Every record below is to be retyped exactly, with any pictures left out.

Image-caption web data
BEGIN

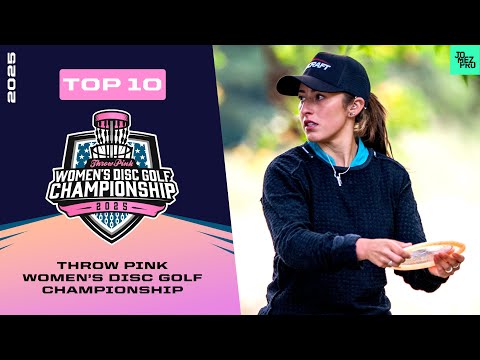 Top 10 FPO Shots from the 2025 Throw Pink | Jomez Disc Golf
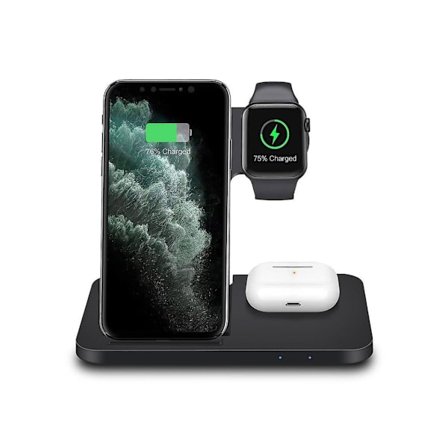 Snabb laddningsstation certifierad för Apple Silk Black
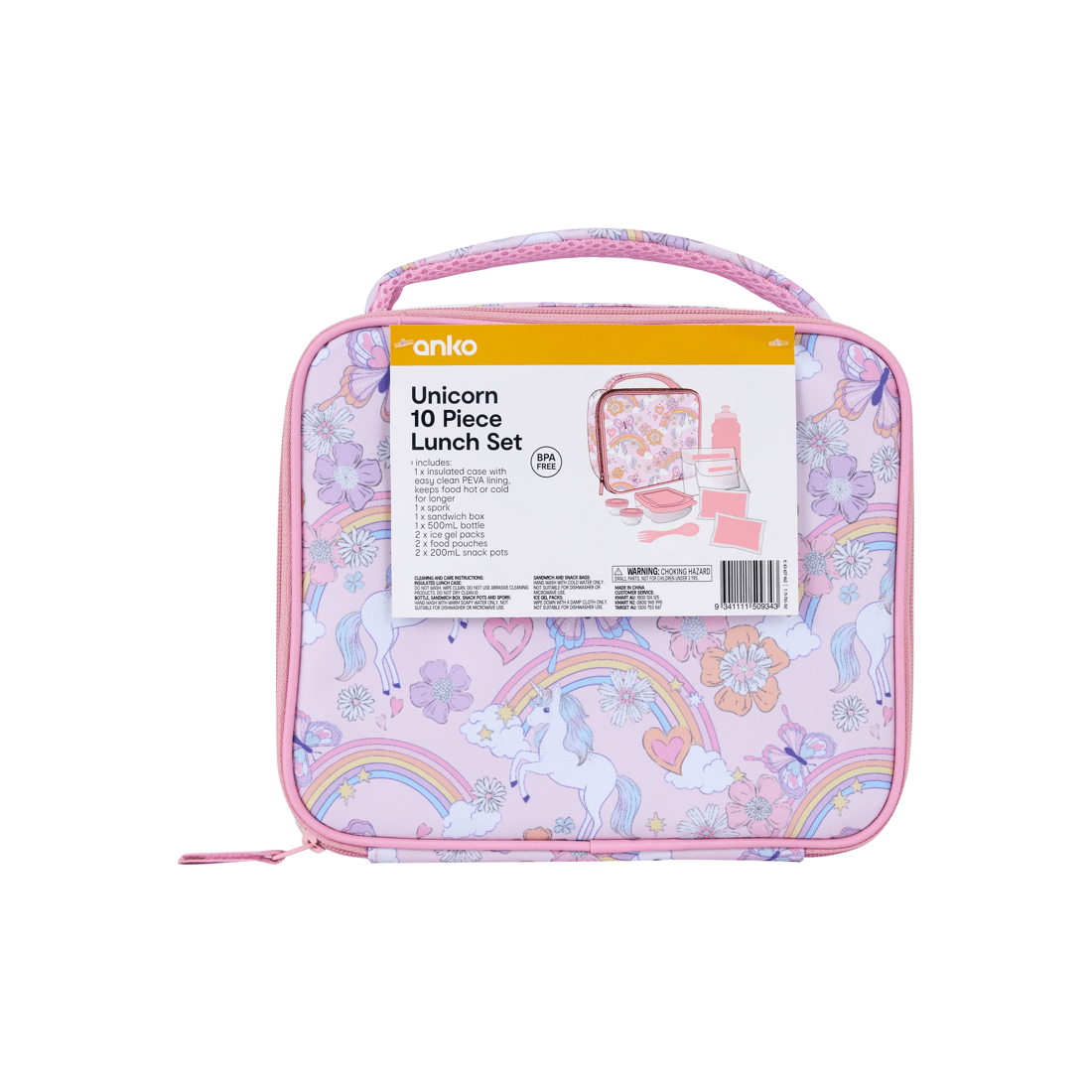 8 10 Piece Unicorn Lunch Set, 8 of 8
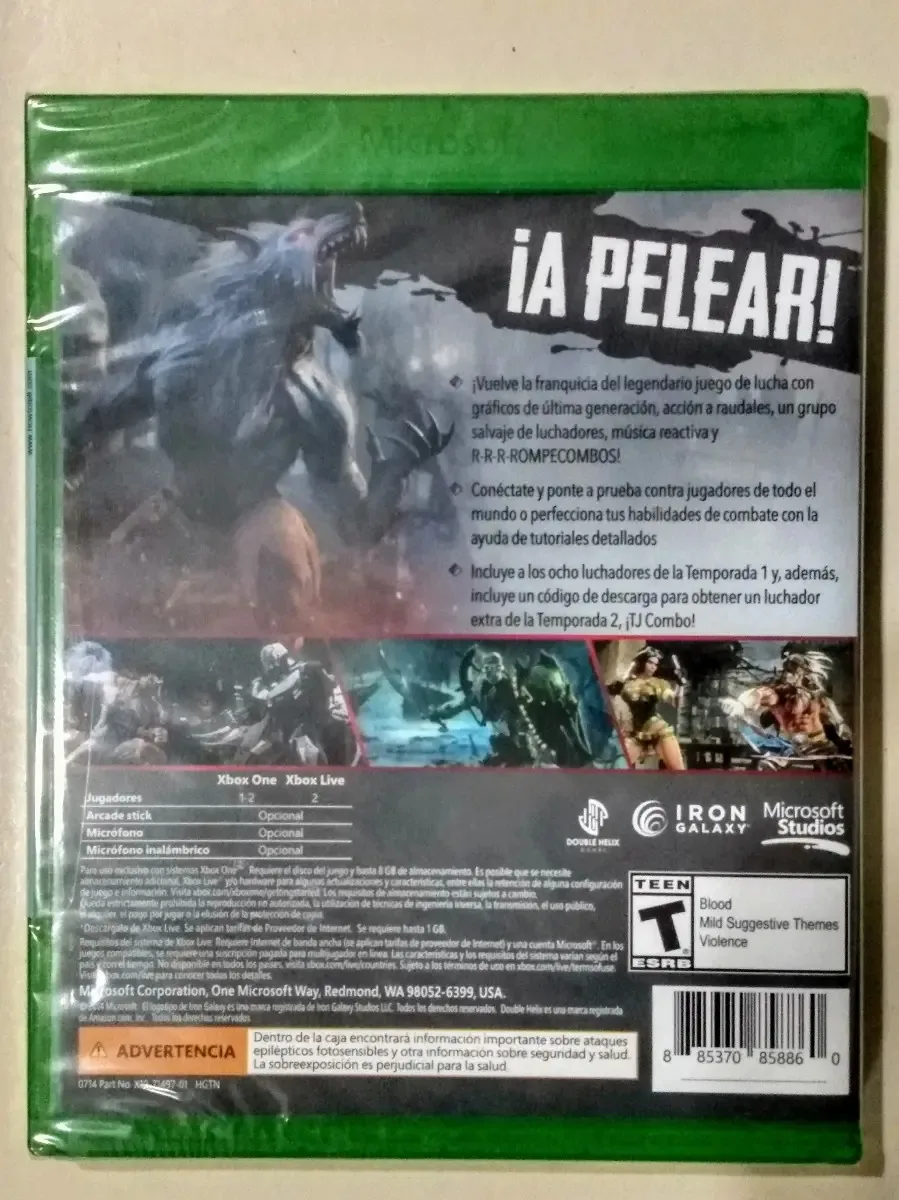Jogo físico selado para Xbox One Killer Instinct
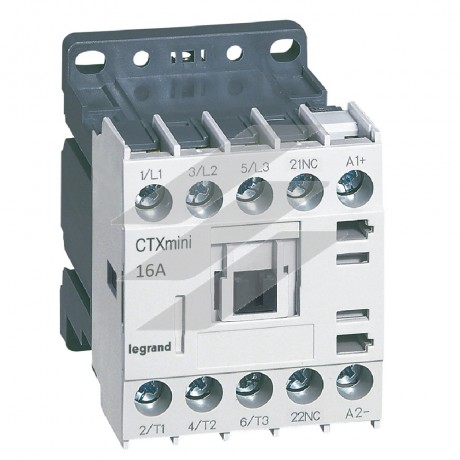 Контактор mini CTX³ 3Р 16A 1NC 24В AC, Legrand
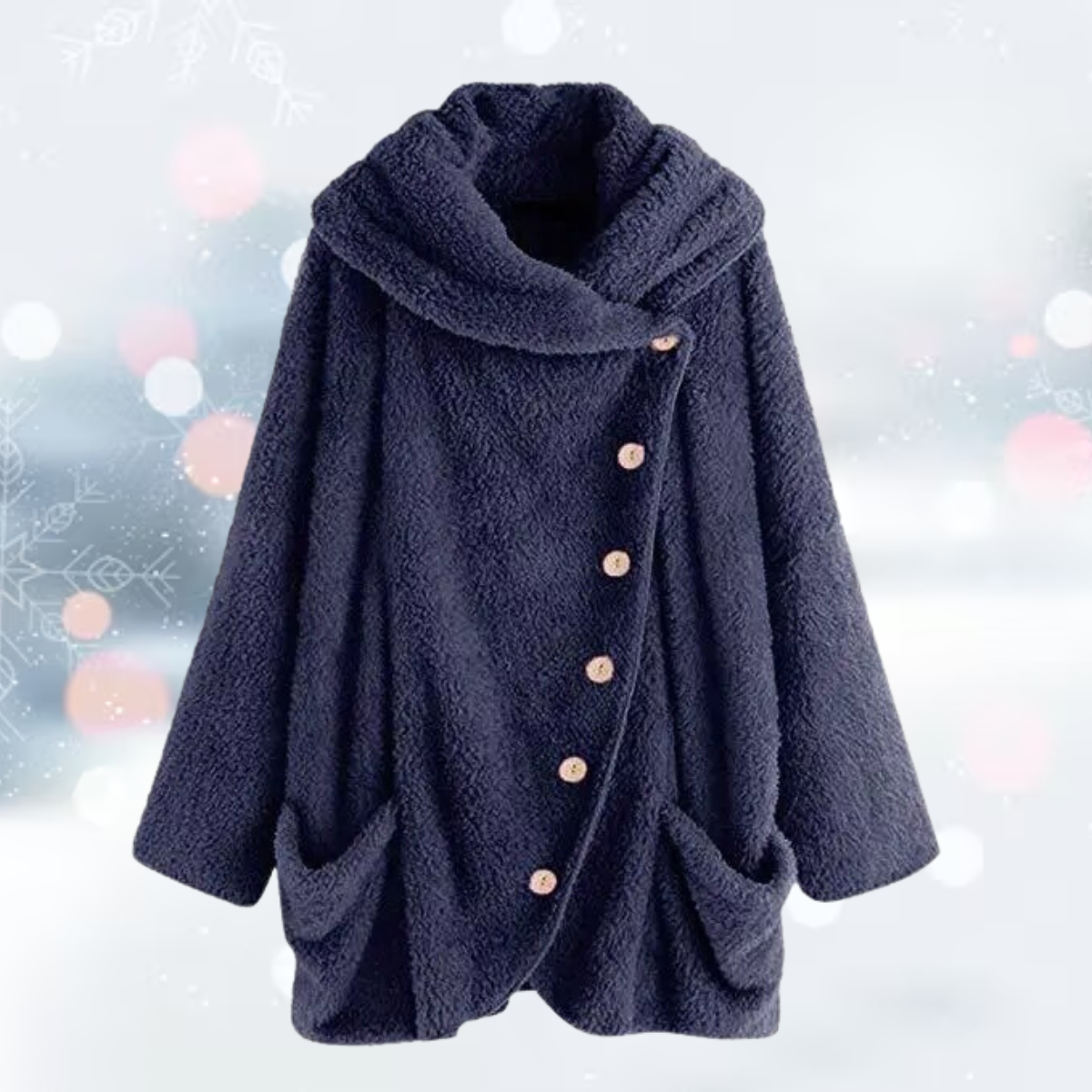 Andrea - La nouvelle mode Tourner vers le bas veste gilet en peluche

END

Reply to the exercise →
 Top 10 FPO Shots from the 2025 Throw Pink | Jomez Disc Golf
 Snabb laddningsstation certifierad för Apple Silk Black
 8 10 Piece Unicorn Lunch Set, 8 of 8
Jogo físico selado para Xbox One Killer Instinct
 Контактор mini CTX³ 3Р 16A 1NC 24В AC, Legrand
 Andrea - La nouvelle mode Tourner vers le bas veste gilet en peluche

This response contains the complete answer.